● Assigned task
Once you find the line with "Pro Plan Proplan" in the entries below, print it and each line after it up to and including the line with "京東超市11.11食品飲料熱賣榜 蒙牛、伊利總榜單激烈角逐", exactly, without pictures.

· · · ·

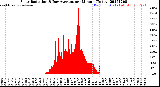 Milwaukee Weather Solar Radiation<br>& Day Average<br>per Minute<br>(Today)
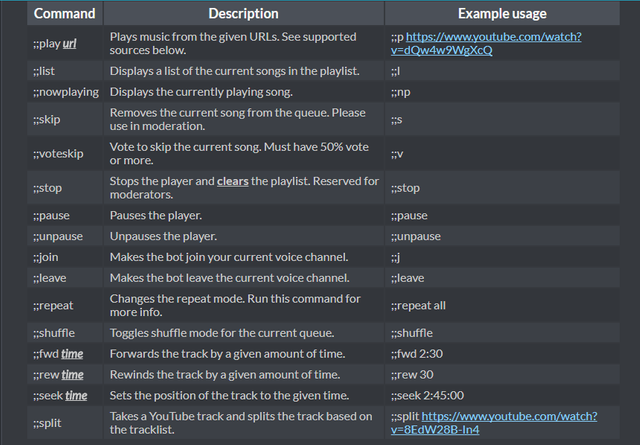 Music Bot For Discord Fredboat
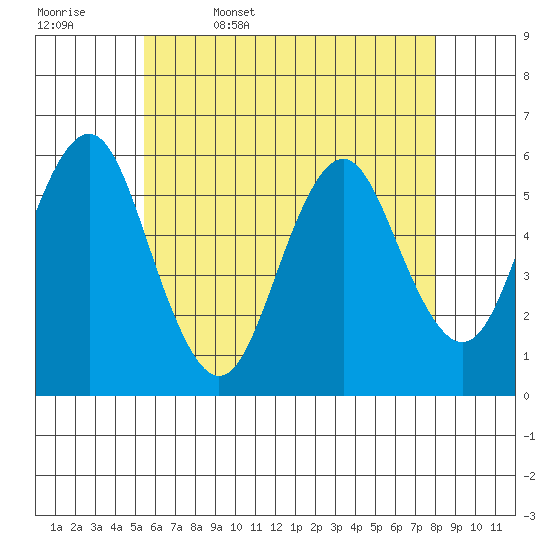 Gulf Beach tide chart for Saturday, May 17, 2025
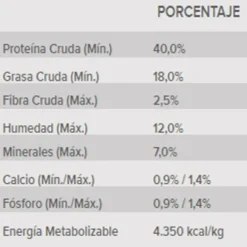 Pro Plan Proplan Kitten Optistart Alimento Para Gato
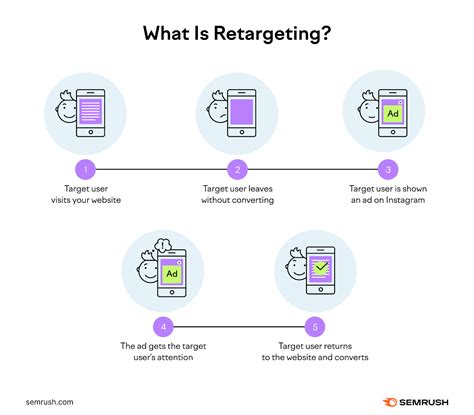 What Is Retargeting And How Does It Work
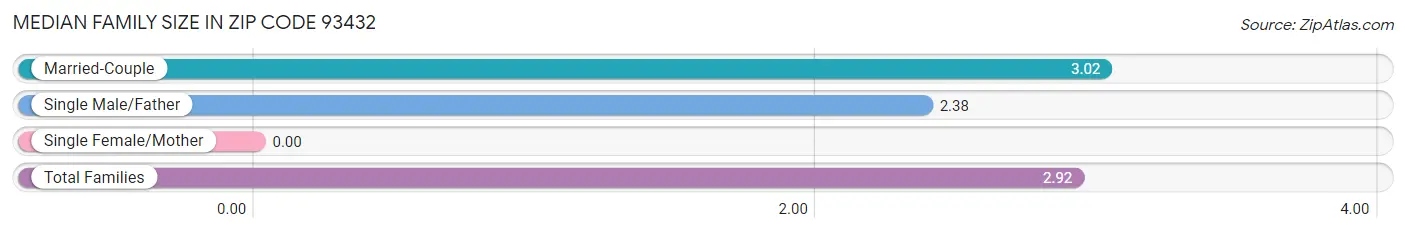 Median Family Size in Zip Code 93432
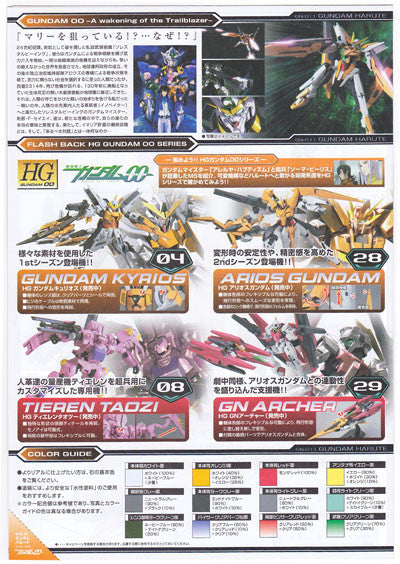 Bandai HG OO 68 Gundam HARUTE GN-011 1/144 Scale Kit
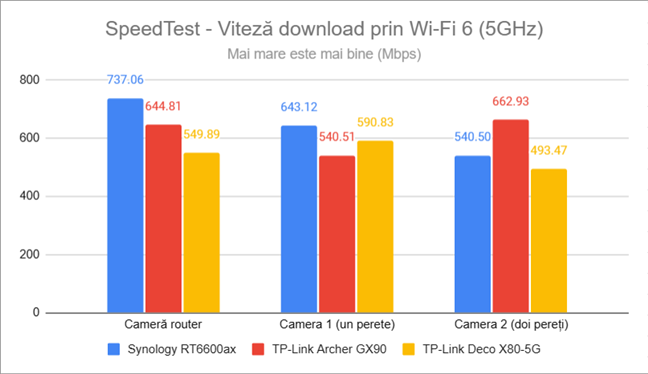 SpeedTest - Viteza de descÄrcare prin Wi-Fi 6 (5 GHz)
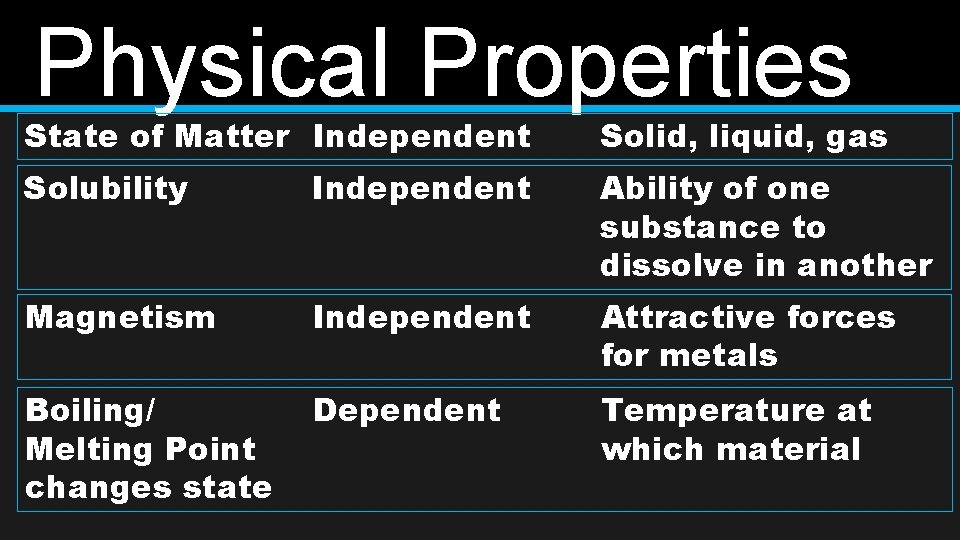 Physical Properties State of Matter Independent Solid, liquid, gas Solubility Independent Ability of one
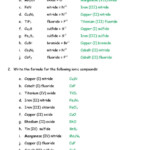 30 Naming Binary Ionic Compounds Worksheet Education Template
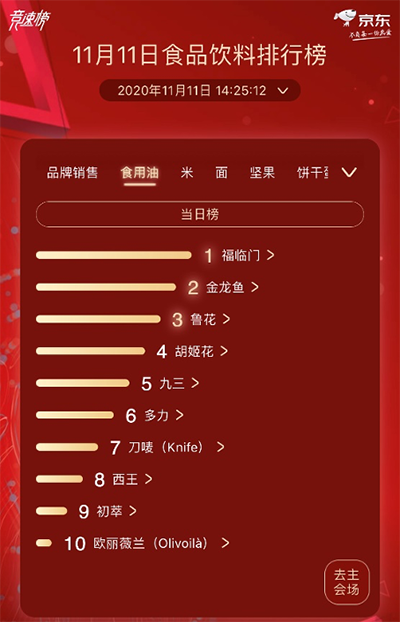 京東超市11.11食品飲料熱賣榜 蒙牛、伊利總榜單激烈角逐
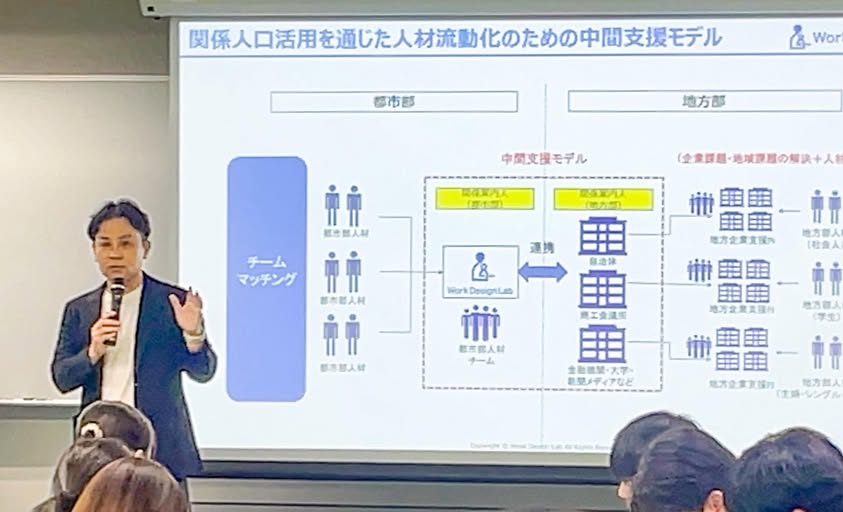 総務省・市町村職員中央研修所主催|令和7年度 全国地域づくり人財塾に登壇いたしました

· · · ·

● Solution
 Pro Plan Proplan Kitten Optistart Alimento Para Gato
 What Is Retargeting And How Does It Work
 Median Family Size in Zip Code 93432
 Bandai HG OO 68 Gundam HARUTE GN-011 1/144 Scale Kit
 SpeedTest - Viteza de descÄrcare prin Wi-Fi 6 (5 GHz)
 Physical Properties State of Matter Independent Solid, liquid, gas Solubility Independent Ability of one
 30 Naming Binary Ionic Compounds Worksheet Education Template
 京東超市11.11食品飲料熱賣榜 蒙牛、伊利總榜單激烈角逐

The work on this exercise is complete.